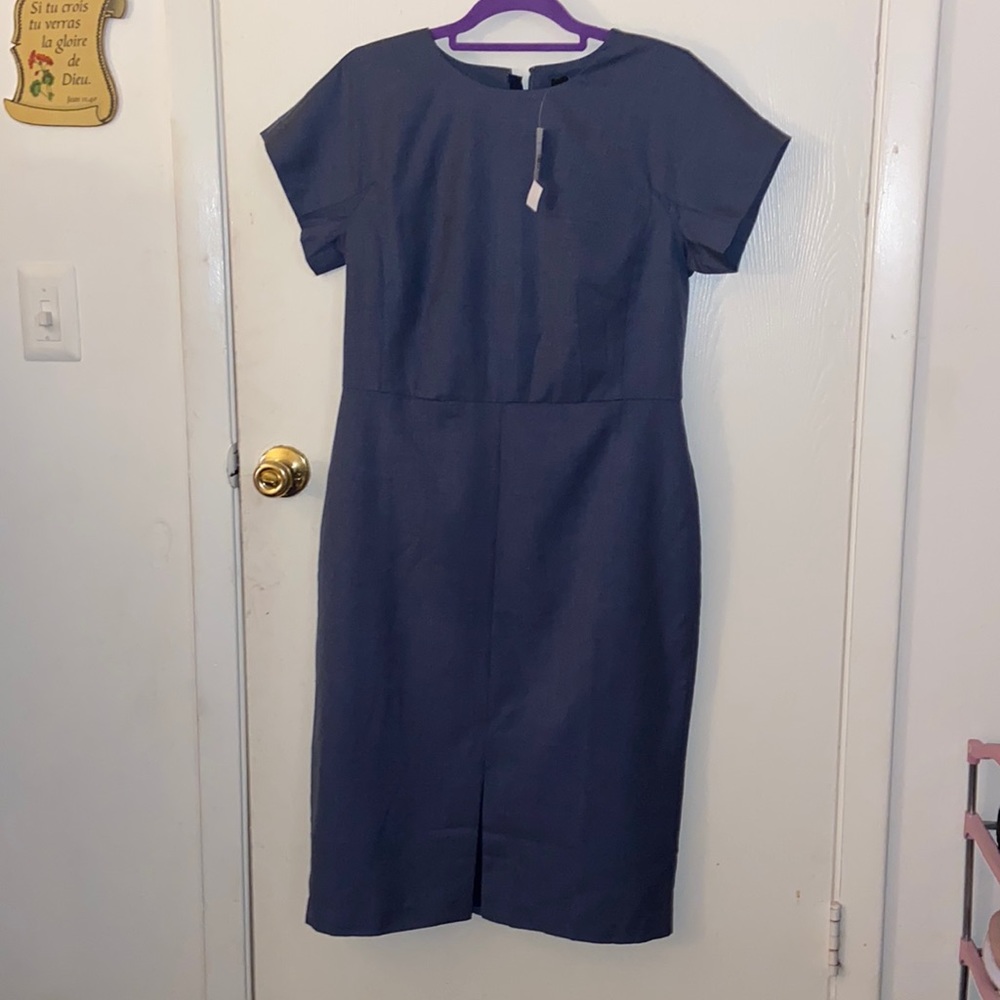 NWT Ann Taylor Gray dress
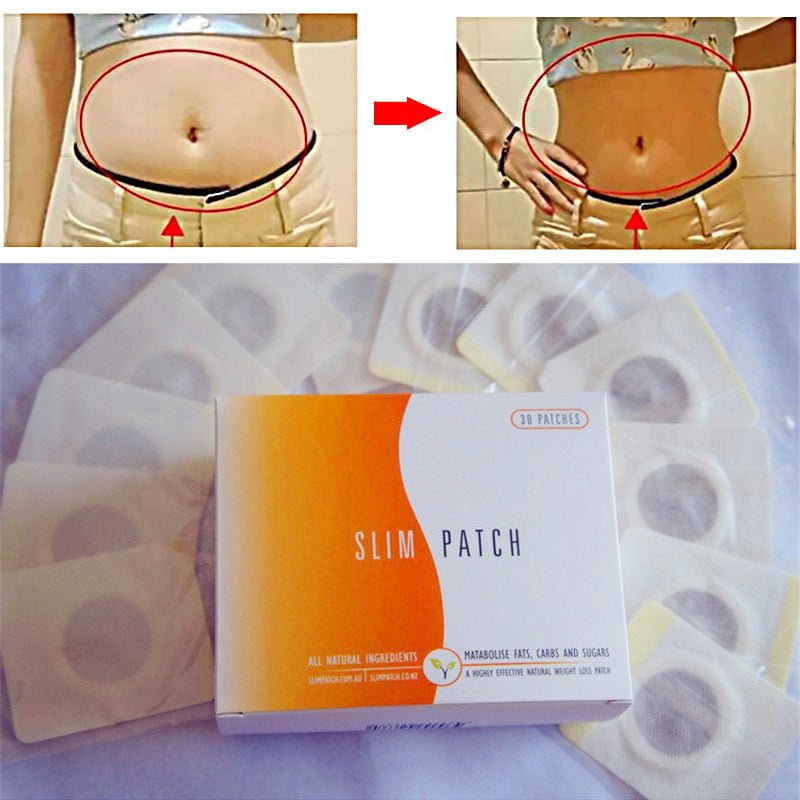 Navel Belly Button Patch Slimming Patch Abdomen Magnetic Detox Sticker - sidwish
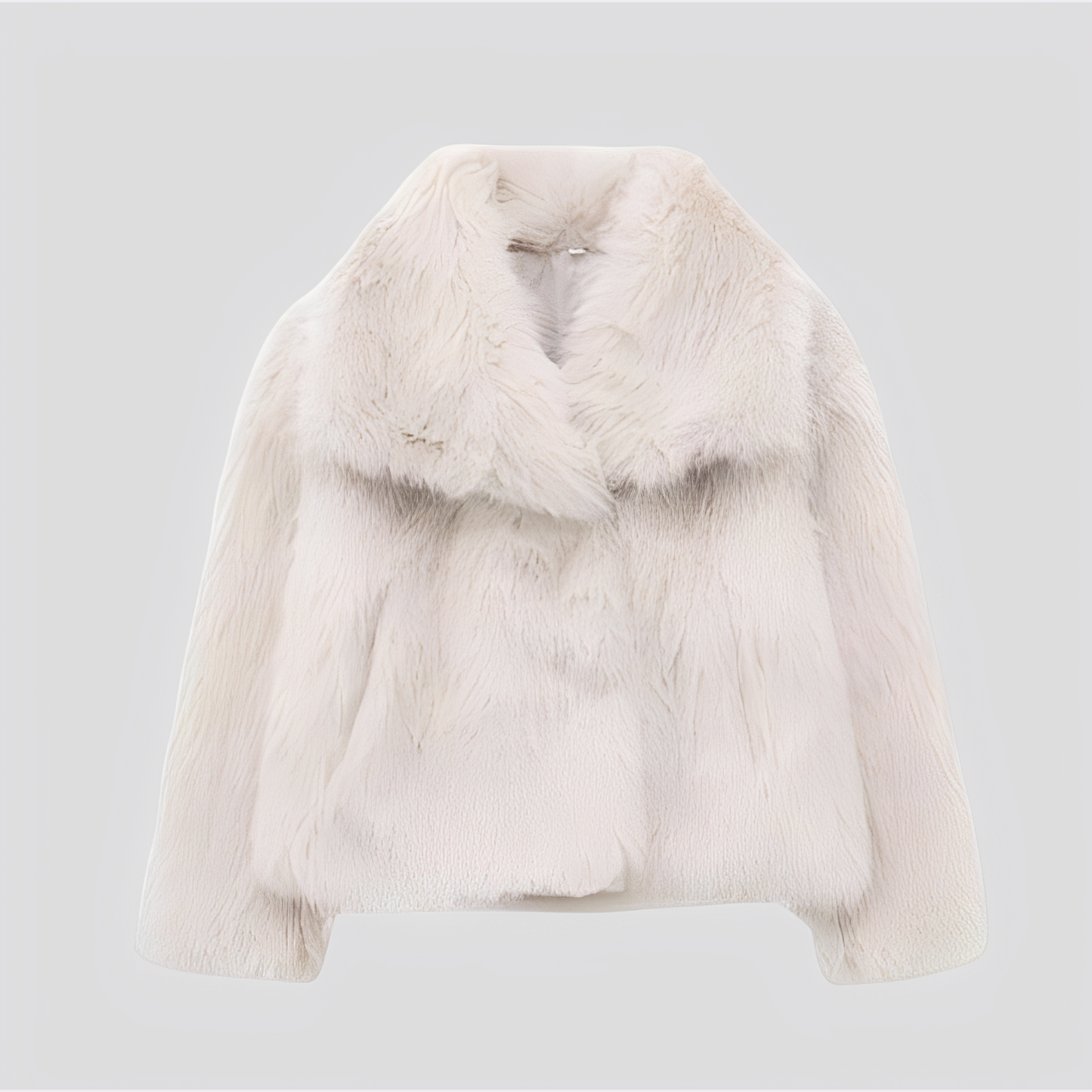 Jennifer - Modern women's jacket made of faux fur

EXERCISE OBJECTIVE
Pictures are not part of the copy; retype all the other material exactly.

YOUR RESPONSE
 NWT Ann Taylor Gray dress
 Navel Belly Button Patch Slimming Patch Abdomen Magnetic Detox Sticker - sidwish
 Jennifer - Modern women's jacket made of faux fur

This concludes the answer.